→ ASSIGNMENT:
Lines from the one containing "NWT New J. Crew" through the end of the listing are what is wanted, given again exactly with both ends included and pictures left out.

→ RAW DATA:
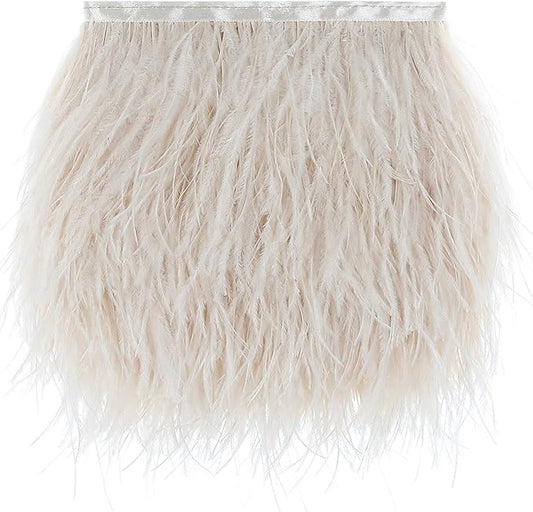 AWAYTR Ostrich Feather Trim Fringe - Satin Ribbon Dress Sewing Crafts Costumes Decoration Pack of 2 Yards (Beige)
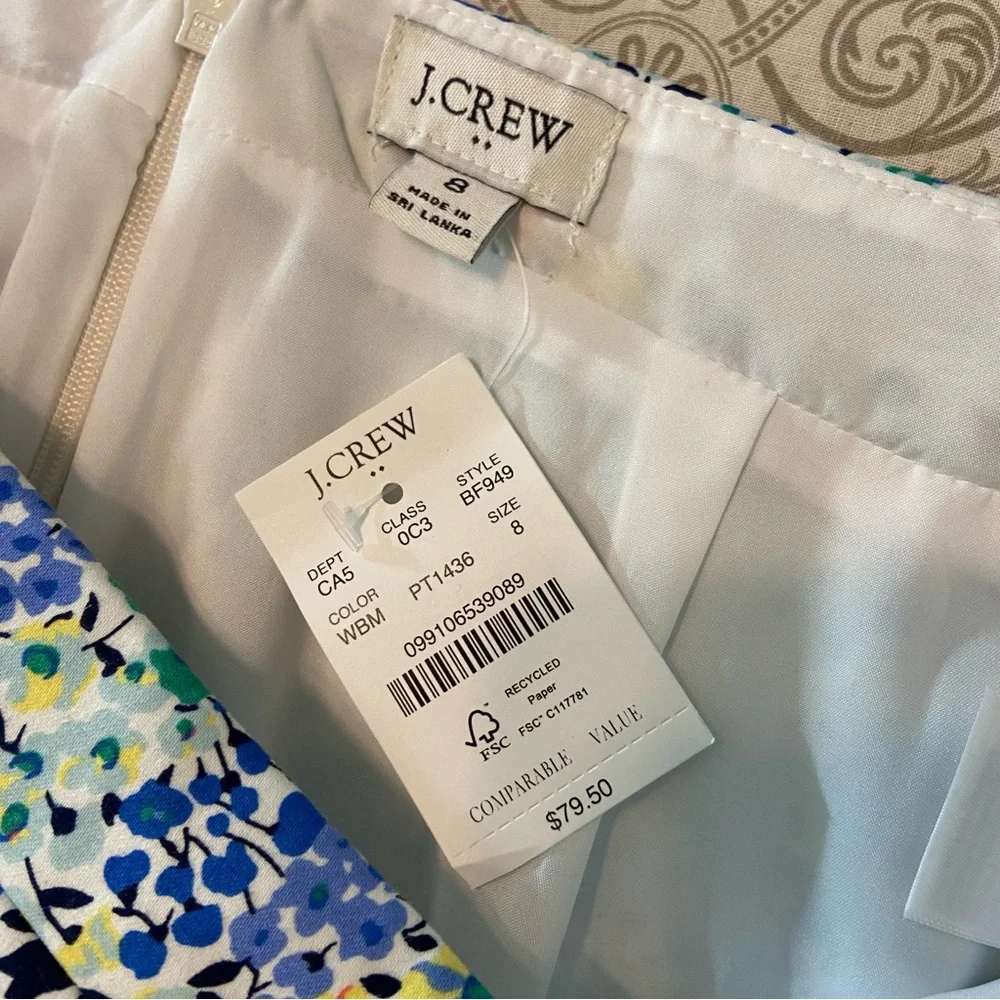 NWT New J. Crew Spring Floral Colorful Print Mini Midi Pencil Wiggle Skirt Sz 8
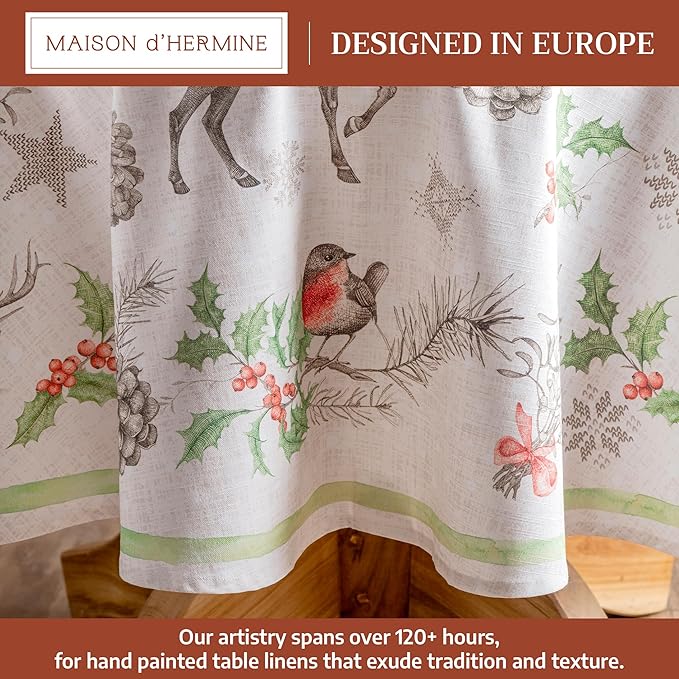 Maison d' Hermine Table Cloth Round Table 100% Cotton 69 Inches Fall Tablecloth Reusable Everyday Use for Thanksgiving Christmas Decorations Dining Farmhouse Party (Christmas Dew)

→ SOLUTION:
 NWT New J. Crew Spring Floral Colorful Print Mini Midi Pencil Wiggle Skirt Sz 8
 Maison d' Hermine Table Cloth Round Table 100% Cotton 69 Inches Fall Tablecloth Reusable Everyday Use for Thanksgiving Christmas Decorations Dining Farmhouse Party (Christmas Dew)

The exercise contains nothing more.